DATASET SECTION
# # # # # # #

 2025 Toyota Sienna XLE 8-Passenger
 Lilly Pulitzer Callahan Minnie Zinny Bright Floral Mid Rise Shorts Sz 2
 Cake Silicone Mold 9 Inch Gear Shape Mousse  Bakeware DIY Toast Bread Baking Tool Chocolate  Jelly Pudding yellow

# # # # # # #

TO DO
Restate the material exactly as given.

RESULT FOR THIS TASK
 2025 Toyota Sienna XLE 8-Passenger
 Lilly Pulitzer Callahan Minnie Zinny Bright Floral Mid Rise Shorts Sz 2
 Cake Silicone Mold 9 Inch Gear Shape Mousse  Bakeware DIY Toast Bread Baking Tool Chocolate  Jelly Pudding yellow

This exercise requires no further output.